I've been recently tasked to build a PoC to showcase how we could onboard a team of data scientists on Openshift, and how we could improve their work process; I've decided that I might as well dig a bit more and document it online.

💡
All manifests used for this blog post are available at https://github.com/NoOverflow/openshift-ai-blog-post, I'd recommend cloning it if you want to follow along.
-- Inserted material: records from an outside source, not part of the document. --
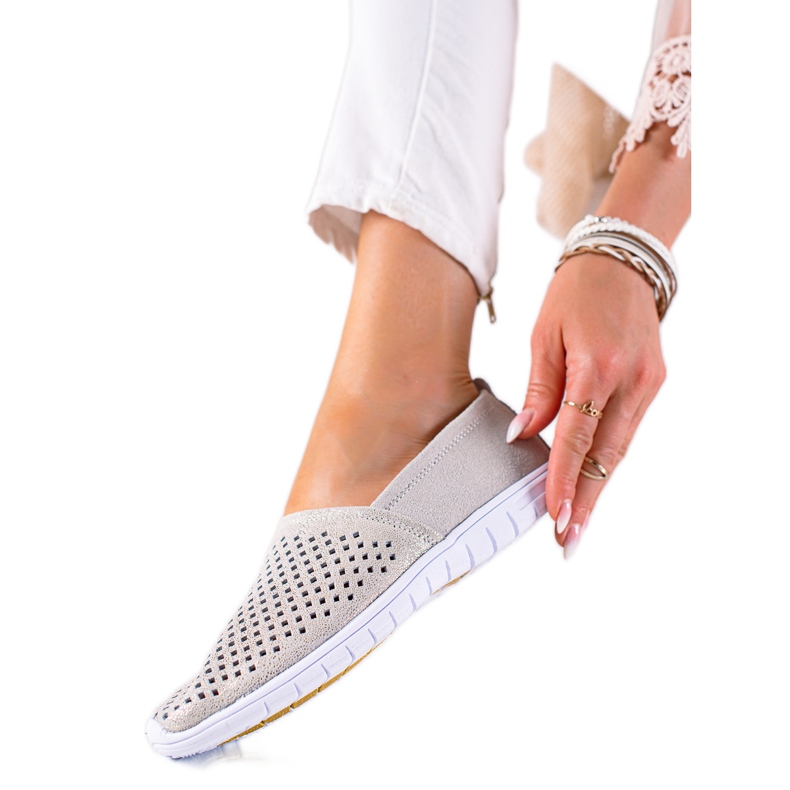 DK Slipons de cuero calado gris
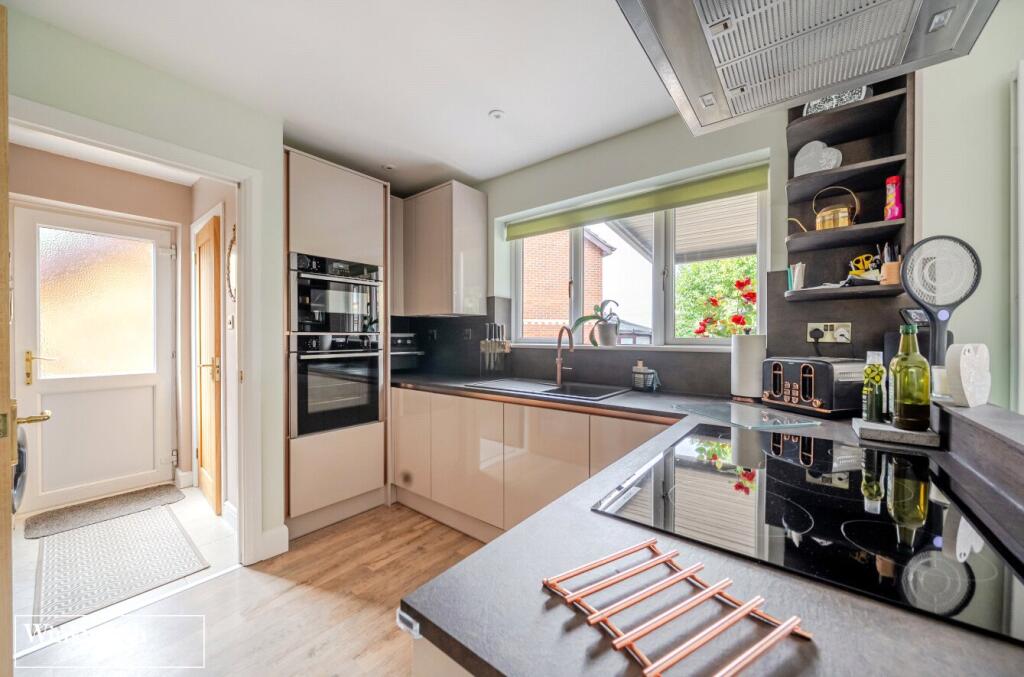 House in Reading - More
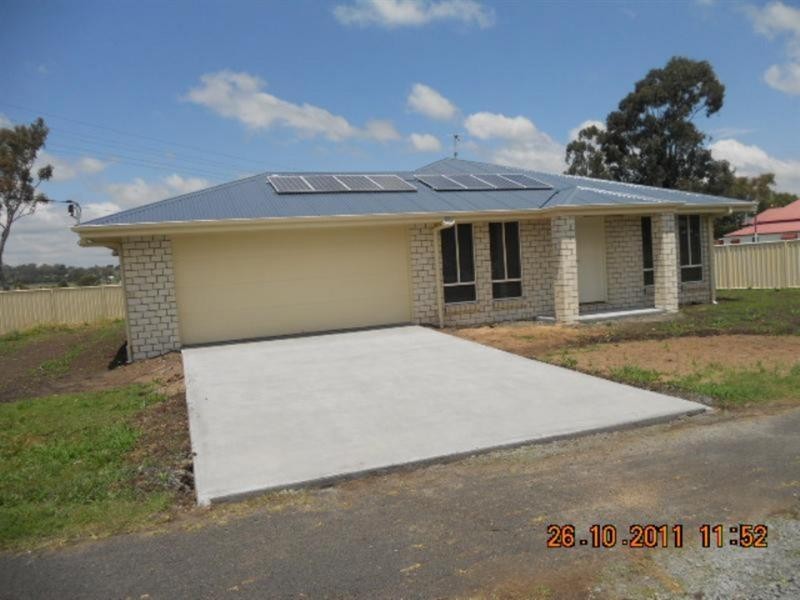 2 Railway Street, Pittsworth QLD 4356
However if you do decide to, make sure you have an active, valid, Openshift subscription.

Introduction

If you're not familiar with any of the fancy words in the title, I don't blame you, it's a big word-salad, let's see what we're getting into:

Openshift AI

Openshift AI is the Red Hat packaged version of Open Data Hub, an AI "platform". It's available as both a SaaS, and an on-premise solution.

When talking to someone over at Red Hat about it, he described it as a "different portal / view for Openshift made for data scientists and AI/ML devs.". When you think about it like that, it all makes sense; Openshift AI is a platform made to address Openshift resources in a way that can be understood by a data scientist (try talking about "SecurityContextConstraints" to one of them).

For example, through the Openshift AI dashboard:

  • A namespace isn't a namespace, it's a "datascience project"
  • There aren't "pods", only workbenches
  • To request a new workbench, you don't have to torture those poor data scientists with boring concept like "StatefulSet" or "PersistentVolumeClaims", a simple pre-configured form will do.

... you get the point.

Openshift administrators weren't forgotten either, Openshift AI also comes packaged with various operators for popular DS/AI/ML tools from conception of the models, training, fine-tuning and serving:

Ray - CodeFlare

Ray is an open-source project aiming to help with the parallelization and scaling of python. Since there's only so much compute available on a single thread of a single processor, Ray makes it easy to spread your code across multiple threads, processes or even entire machines, this is especially useful for AI / ML workloads for which Ray provides various tools to help with training, tuning and serving.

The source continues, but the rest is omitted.